**Task prompt**
Given the entries that follow, write out exactly the lines starting at the one containing "XI Ogólnopolski Festiwal" and ending at the one containing "Original VW Multi", both ends included, and only those.

*** Opening of Extracted entries ***

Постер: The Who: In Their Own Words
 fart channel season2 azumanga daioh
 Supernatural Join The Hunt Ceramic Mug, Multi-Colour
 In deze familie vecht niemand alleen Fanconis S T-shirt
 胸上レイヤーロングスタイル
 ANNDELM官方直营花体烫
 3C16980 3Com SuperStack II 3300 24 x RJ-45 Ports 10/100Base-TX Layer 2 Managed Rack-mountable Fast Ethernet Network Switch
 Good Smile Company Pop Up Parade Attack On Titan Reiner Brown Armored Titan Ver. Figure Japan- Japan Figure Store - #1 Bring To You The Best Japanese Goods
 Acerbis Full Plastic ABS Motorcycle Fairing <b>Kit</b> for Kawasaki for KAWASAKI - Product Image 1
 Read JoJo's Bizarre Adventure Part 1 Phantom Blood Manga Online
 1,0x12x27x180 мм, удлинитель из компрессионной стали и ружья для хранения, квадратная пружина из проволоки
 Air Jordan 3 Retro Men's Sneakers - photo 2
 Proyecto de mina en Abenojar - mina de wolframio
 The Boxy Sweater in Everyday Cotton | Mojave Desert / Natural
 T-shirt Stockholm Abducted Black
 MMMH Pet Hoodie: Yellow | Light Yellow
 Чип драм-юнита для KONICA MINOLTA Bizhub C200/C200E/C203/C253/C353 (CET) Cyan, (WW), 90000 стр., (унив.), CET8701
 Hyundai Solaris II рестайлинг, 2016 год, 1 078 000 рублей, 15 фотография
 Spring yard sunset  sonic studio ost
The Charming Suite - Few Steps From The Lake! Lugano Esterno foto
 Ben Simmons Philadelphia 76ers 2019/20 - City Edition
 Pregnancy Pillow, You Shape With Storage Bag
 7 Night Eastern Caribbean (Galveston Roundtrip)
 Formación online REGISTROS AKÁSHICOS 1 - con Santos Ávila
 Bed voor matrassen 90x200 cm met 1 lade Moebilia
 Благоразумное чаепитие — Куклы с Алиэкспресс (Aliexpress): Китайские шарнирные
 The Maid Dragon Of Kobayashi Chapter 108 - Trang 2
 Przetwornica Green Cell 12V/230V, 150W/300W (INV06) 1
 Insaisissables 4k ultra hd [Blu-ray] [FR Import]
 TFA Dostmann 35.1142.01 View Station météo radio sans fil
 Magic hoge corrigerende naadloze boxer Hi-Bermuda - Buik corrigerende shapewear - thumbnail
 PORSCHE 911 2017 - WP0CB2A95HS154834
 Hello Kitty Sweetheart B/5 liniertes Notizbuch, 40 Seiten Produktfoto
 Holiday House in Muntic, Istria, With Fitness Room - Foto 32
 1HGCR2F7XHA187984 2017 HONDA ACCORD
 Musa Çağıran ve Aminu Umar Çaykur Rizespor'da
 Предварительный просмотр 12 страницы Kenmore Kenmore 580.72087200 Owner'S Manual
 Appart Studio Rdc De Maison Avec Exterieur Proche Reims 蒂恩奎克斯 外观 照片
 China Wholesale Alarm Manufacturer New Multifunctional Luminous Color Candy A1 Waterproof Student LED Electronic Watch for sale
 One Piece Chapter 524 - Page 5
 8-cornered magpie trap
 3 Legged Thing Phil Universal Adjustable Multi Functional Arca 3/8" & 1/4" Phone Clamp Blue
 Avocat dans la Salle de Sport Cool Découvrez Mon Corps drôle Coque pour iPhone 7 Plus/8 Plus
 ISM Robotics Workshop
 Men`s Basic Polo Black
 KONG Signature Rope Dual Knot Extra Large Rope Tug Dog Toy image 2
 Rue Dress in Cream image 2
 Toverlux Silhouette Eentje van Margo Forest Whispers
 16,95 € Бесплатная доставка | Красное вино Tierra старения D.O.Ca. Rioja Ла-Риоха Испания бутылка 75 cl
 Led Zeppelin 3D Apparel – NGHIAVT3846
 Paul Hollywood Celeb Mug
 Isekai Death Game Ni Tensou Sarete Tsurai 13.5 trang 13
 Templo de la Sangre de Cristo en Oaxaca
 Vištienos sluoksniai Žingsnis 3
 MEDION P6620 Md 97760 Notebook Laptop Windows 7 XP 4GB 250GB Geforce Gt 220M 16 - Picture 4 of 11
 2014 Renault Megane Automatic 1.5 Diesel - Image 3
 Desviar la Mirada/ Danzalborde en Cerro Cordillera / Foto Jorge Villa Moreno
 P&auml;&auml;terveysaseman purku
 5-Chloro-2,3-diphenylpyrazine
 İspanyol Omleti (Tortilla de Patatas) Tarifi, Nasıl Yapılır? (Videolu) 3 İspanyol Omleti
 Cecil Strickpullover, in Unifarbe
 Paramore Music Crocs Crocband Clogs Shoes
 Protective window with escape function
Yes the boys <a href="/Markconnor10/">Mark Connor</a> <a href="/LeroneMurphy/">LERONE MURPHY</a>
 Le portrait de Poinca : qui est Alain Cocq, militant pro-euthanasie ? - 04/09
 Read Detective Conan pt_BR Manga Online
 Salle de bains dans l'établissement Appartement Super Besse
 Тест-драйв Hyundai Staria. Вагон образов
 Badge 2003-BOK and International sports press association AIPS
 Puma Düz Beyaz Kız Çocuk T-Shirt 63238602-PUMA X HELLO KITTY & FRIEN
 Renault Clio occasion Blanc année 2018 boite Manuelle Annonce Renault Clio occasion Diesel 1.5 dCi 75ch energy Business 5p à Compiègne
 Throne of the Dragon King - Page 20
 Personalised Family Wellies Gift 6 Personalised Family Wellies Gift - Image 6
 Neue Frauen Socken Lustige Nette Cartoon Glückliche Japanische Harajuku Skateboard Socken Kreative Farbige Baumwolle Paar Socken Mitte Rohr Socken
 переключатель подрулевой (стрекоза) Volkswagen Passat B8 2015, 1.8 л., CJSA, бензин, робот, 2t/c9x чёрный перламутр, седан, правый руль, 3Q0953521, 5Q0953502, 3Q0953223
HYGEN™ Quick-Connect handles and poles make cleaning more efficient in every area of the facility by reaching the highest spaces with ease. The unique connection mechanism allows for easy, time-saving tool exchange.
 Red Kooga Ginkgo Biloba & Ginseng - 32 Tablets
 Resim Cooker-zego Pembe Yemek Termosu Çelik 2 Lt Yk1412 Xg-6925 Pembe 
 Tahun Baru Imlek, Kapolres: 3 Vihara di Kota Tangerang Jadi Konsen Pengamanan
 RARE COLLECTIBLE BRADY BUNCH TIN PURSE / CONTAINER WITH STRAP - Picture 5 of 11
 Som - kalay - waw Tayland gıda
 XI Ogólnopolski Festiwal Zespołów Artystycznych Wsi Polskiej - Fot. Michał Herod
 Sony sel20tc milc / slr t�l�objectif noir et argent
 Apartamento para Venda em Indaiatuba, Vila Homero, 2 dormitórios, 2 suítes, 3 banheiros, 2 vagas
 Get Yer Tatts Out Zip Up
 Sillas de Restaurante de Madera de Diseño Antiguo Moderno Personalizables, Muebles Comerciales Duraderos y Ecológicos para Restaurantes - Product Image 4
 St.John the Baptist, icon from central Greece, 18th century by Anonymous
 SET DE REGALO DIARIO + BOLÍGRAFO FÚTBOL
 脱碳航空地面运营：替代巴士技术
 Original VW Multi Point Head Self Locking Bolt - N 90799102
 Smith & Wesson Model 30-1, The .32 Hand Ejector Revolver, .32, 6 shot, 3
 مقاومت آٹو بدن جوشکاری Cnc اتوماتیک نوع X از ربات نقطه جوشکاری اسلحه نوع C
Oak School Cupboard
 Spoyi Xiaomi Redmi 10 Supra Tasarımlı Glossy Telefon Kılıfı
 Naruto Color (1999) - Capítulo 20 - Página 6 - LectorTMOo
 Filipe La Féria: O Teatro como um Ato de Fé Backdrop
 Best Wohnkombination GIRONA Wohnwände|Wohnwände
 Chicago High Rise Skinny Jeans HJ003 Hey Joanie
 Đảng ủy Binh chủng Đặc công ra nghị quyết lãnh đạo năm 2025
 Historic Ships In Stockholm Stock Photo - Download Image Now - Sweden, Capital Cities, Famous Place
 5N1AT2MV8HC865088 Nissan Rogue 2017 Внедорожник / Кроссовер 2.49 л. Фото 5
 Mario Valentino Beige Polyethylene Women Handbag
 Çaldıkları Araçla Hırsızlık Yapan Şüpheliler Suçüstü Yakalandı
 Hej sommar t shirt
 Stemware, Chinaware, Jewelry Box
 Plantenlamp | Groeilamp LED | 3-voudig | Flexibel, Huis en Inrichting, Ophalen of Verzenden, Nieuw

*** Close of Extracted entries ***

**Exercise output**
 XI Ogólnopolski Festiwal Zespołów Artystycznych Wsi Polskiej - Fot. Michał Herod
 Sony sel20tc milc / slr t�l�objectif noir et argent
 Apartamento para Venda em Indaiatuba, Vila Homero, 2 dormitórios, 2 suítes, 3 banheiros, 2 vagas
 Get Yer Tatts Out Zip Up
 Sillas de Restaurante de Madera de Diseño Antiguo Moderno Personalizables, Muebles Comerciales Duraderos y Ecológicos para Restaurantes - Product Image 4
 St.John the Baptist, icon from central Greece, 18th century by Anonymous
 SET DE REGALO DIARIO + BOLÍGRAFO FÚTBOL
 脱碳航空地面运营：替代巴士技术
 Original VW Multi Point Head Self Locking Bolt - N 90799102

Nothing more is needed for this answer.